EXERCISE REQUIREMENTS:
Return, with both end lines included, exactly what the data below holds from the line with "Once the Ubuntu" through the line with "The Google Pixel", though not the pictures.

LISTED ENTRIES:

--*--

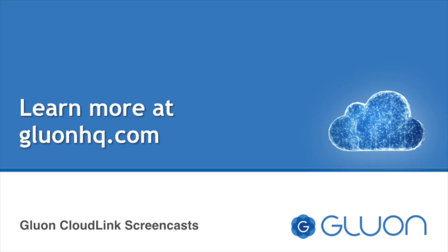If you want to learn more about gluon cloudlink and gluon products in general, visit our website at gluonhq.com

--*--

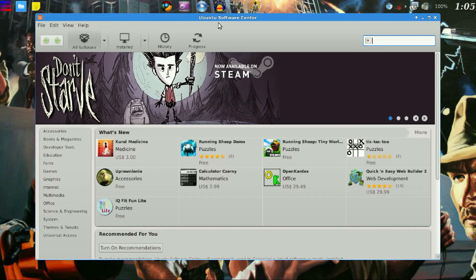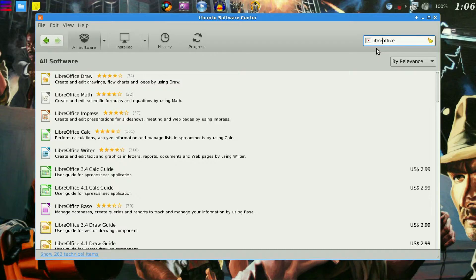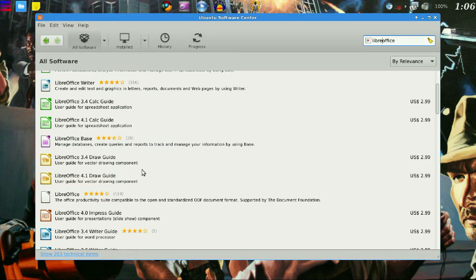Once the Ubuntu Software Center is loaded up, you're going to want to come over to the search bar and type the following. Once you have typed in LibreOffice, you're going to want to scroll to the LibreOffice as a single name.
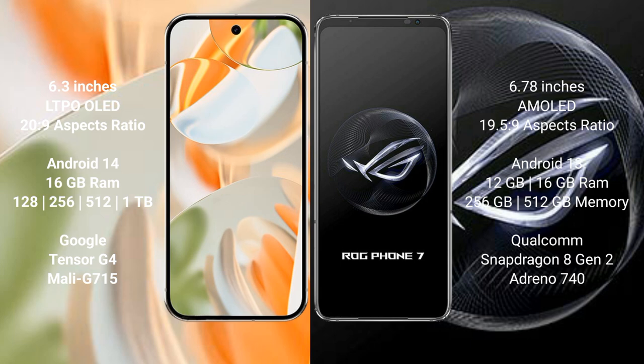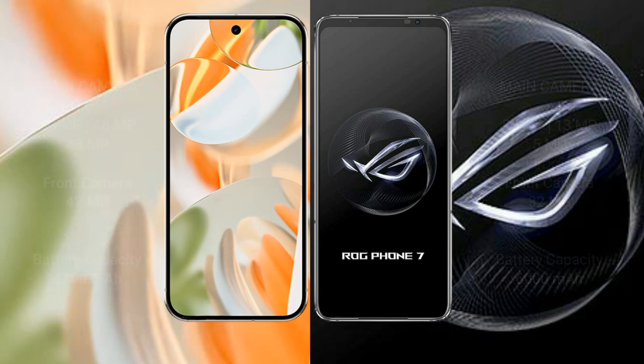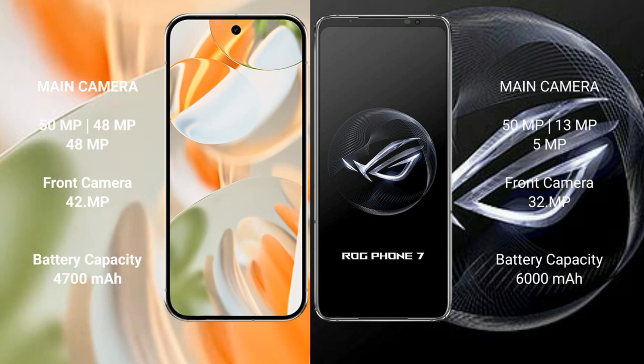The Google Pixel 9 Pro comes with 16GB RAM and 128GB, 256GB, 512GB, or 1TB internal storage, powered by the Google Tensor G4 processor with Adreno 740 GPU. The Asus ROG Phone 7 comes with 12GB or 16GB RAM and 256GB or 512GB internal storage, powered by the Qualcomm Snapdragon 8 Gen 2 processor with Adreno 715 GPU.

--*--

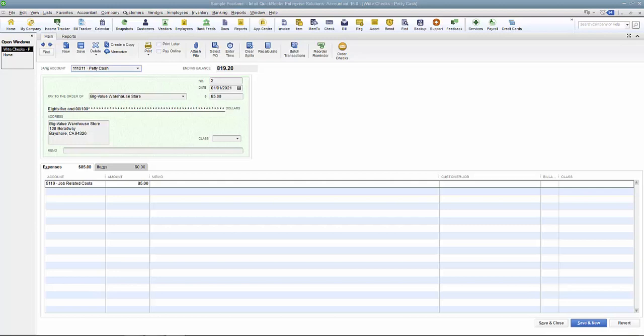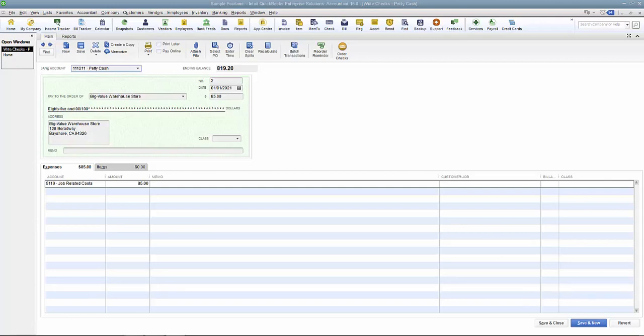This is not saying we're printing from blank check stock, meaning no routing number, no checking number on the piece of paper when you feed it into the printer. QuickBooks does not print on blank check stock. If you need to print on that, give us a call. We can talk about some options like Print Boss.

--*--

EXERCISE OUTPUT:
Once the Ubuntu Software Center is loaded up, you're going to want to come over to the search bar and type the following. Once you have typed in LibreOffice, you're going to want to scroll to the LibreOffice as a single name.
The Google Pixel 9 Pro comes with 16GB RAM and 128GB, 256GB, 512GB, or 1TB internal storage, powered by the Google Tensor G4 processor with Adreno 740 GPU. The Asus ROG Phone 7 comes with 12GB or 16GB RAM and 256GB or 512GB internal storage, powered by the Qualcomm Snapdragon 8 Gen 2 processor with Adreno 715 GPU.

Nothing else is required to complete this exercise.